Figure 3.21: Principal components of the PrimaIndiansDiabetes dataset
Figure 3.21: Principal components of the PrimaIndiansDiabetes dataset

The principal components are PC1, PC2,.. PC8, in their order of importance. These components are calculated from multiple fields and can be used as features on their own.

Activity 12: Generating PCA

In this activity, we will use the GermanCredit dataset and find the principal components. These values can be used instead of the features. The dataset can be found at https://github.com/TrainingByPackt/Practical-Machine-Learning-with-R/blob/master/Data/GermanCredit.csv.

These are the steps that will help you solve the activity:

  1. Load the GermanCredit data.
  2. Create a subset of the first nine columns into another variable named GermanCredit_subset.
  3. Use prcomp(x = GermanCredit_subset, scale. = T) to generate the principal components.
  4. Print the generated principal_components.
  5. Interpret the results.

The PCA values will look as follows:

Figure 3.22: Principal components of the GermanCredit dataset
Figure 3.22: Principal components of the GermanCredit dataset

Note

The solution for this activity can be found on page 337.

Ranking Features

While building certain models such as decision trees and random forests, the features that are important to the model (for instance, the features that have good correlation with the output variable) are known. These features are then ranked by the model. We will look at a few examples of ranking features automatically using machine learning models.

Variable Importance Approach with Learning Vector Quantization

In Learning Vector Quantization (LVQ) , we rank features based on their importance. LVQ and the variable importance function, varImp(), will be used to fetch the important variables. The GermanCredit dataset is used to demonstrate LVQ. For simplicity's sake, we are choosing the first ten columns in the GermanCredit dataset. The 10th column contains the class values for prediction.

Exercise 36: Implementing LVQ

In this exercise, we will implement LVQ for the GermanCredit dataset and use the variable importance function to list the importance of the fields in this dataset.
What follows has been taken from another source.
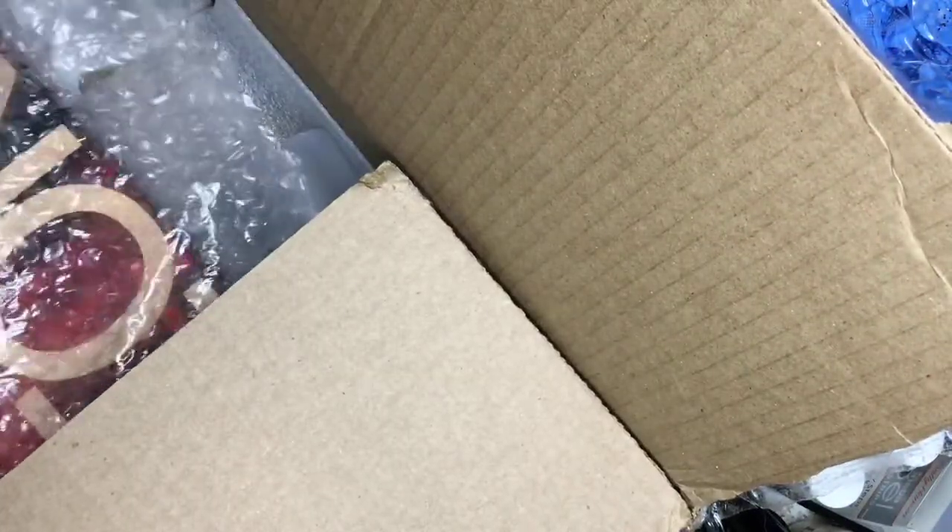There's some St. Patti's Day stickers, or decals, whichever one you want to call them.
  1. Attach the mlbench and caret packages.

    set.seed(9)

    # loading the libraries

    library(mlbench)

    library(caret)

  2. Load the GermanCredit dataset.

    # load the German Credit dataset

    data("GermanCredit")

  3. Set the parameters for training using the trainControl() function.

    #Setting parameters for training

    control <- trainControl(method="repeatedcv", number=10, repeats=3)

  4. Train the model.

    # training the model

    model <- train(Class~., data=GermanCredit[,1:10], method="lvq", preProcess="scale", trControl=control)

  5. Find the importance of the variables:

    # Getting the variable importance

    importance <- varImp(model, scale=FALSE)

  6. Print the importance of the variables:

    # print the variable importance

    print(importance)

  7. Plot the importance:

    # plot the result

    plot(importance)

    The output is as follows:

    Figure 3.23: Importance of the variables
  8. Print the importance.

    print(importance)

    The output is as follows:

    ROC curve variable importance

                              Importance

    Duration                      0.6286

    Age                           0.5706

    Amount                        0.5549

    InstallmentRatePercentage     0.5434

    NumberExistingCredits         0.5251

    Telephone                     0.5195

    ForeignWorker                 0.5169

    ResidenceDuration             0.5015

    NumberPeopleMaintenance       0.5012

An importance score has been assigned to each variable. The Duration, Age, and Amount variables are the most important variables. The least important variables are ResidenceDuration and NumberPeopleMaintenance.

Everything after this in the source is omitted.